Costeja, the plaintiff, argued that Google was unnecessarily tarnishing his reputation, the search engine indexed a webpage containing information about his insolvency. Costeja argued that Google should be responsible for concealing the webpage under the European Union Directive 95/46/EC (the Directive). He had to establish search engines were ‘controllers’ of information and the Directive allowed a general ‘right to be forgotten’.
The CJEU held that search engines are ‘controllers’, simply because they aid individuals to find information. They dismissed the expertise of the Article 29 Working Party, who defined search engines as ‘information location tools’, emphasising they have no control over the information published on webpages.
More controversially, the CJEU held the Directive allowed for a general ‘right to be forgotten’. They creatively combined Article 12(b) that permits a right to erasure and Article 14(a) that allows a right to object to the processing of personal data on ‘compelling grounds’. However, the Advocate General had previously stated that a ‘subjective preference’, about information is not a ‘compelling’ reason to have a webpage censored. Furthermore, the Directive could not have been intended to apply to search engines, because it was enacted before their globalisation. Additionally, neither of the Articles refers to the status of a search engine or indexed webpages.
In establishing that search engines are ‘controllers’ of information and allowing for a general ‘right to be forgotten’, the CJEU held that search engines are now responsible for deindexing webpages at the request of individuals.

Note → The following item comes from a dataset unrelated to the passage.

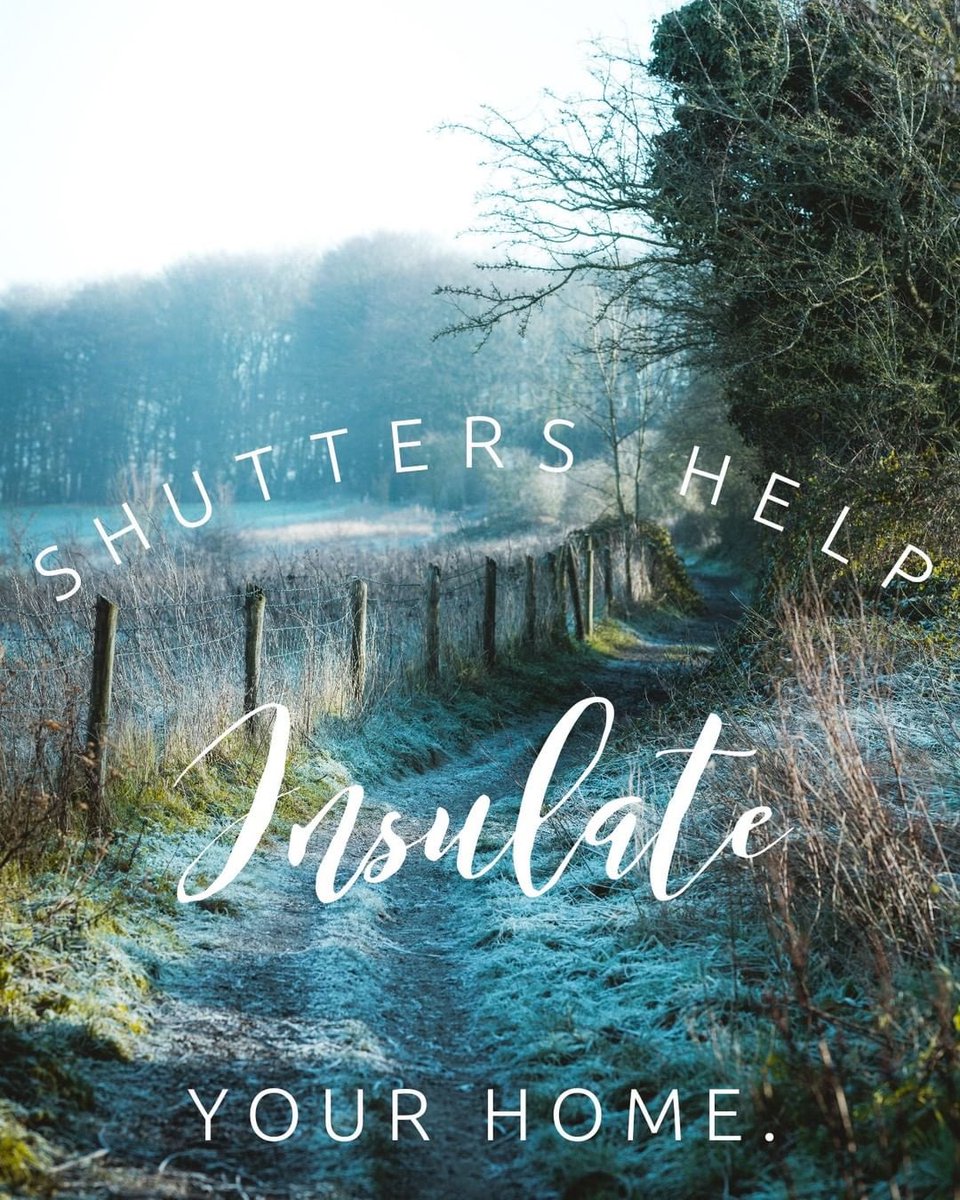 It's freezing out today, but if you have shutters they help insulate your home, keeping you all cosy and cutting down the heating costs.

Another reason to choose them. 😉

#shutters #cold #weather #insulate #keepwarm #surrey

The lack of the CJEU’s foresight when creating this new right, can be seen in the vague limitations that they established. They held that an individual could have a webpage deindexed if the information was ‘excessive’ ‘inadequate’ or ‘irrelevant’ and without a ‘public interest’. The CJEU failed to further define these limitations, leading to conflicting cases and the House of Lords to deem the criteria as ‘unworkable’.
Costeja and the freedom of expression was then discussed. The ‘right to be forgotten’ limits the freedom of expression. However, this may allow individuals to ‘shape their own lives’ and not have their futures controlled by information that is readily available on the Internet. Equally, information protects people. Therefore, it is submitted that before webpages are deindexed all the potential consequences of deindexing that information should be considered, to avoid damaging consequences.
After analysing the freedom of speech in the US, it is submitted that they are unlikely to introduce a similar right. However, in the demand for online privacy, even they have introduced legislation such as the Children's Online Privacy Protection Act. It is argued that the EU should have followed this approach and taken small steps to legislate for online privacy rights that are specifically construed and clearly defined, instead of introducing one unspecific overarching right.
In conclusion, the ‘right to be forgotten’ is the first substantial attempt to afford European citizens a means to control the information that is revealed about them online. However, it is submitted that this new right should have been created by legislators. This would have allowed the right to be adequately debated by Internet experts and civil liability groups to create a stronger and clearly defined right. It is predicated that many cases will be presented before the national courts to determine the boundaries of the ‘right to be forgotten’.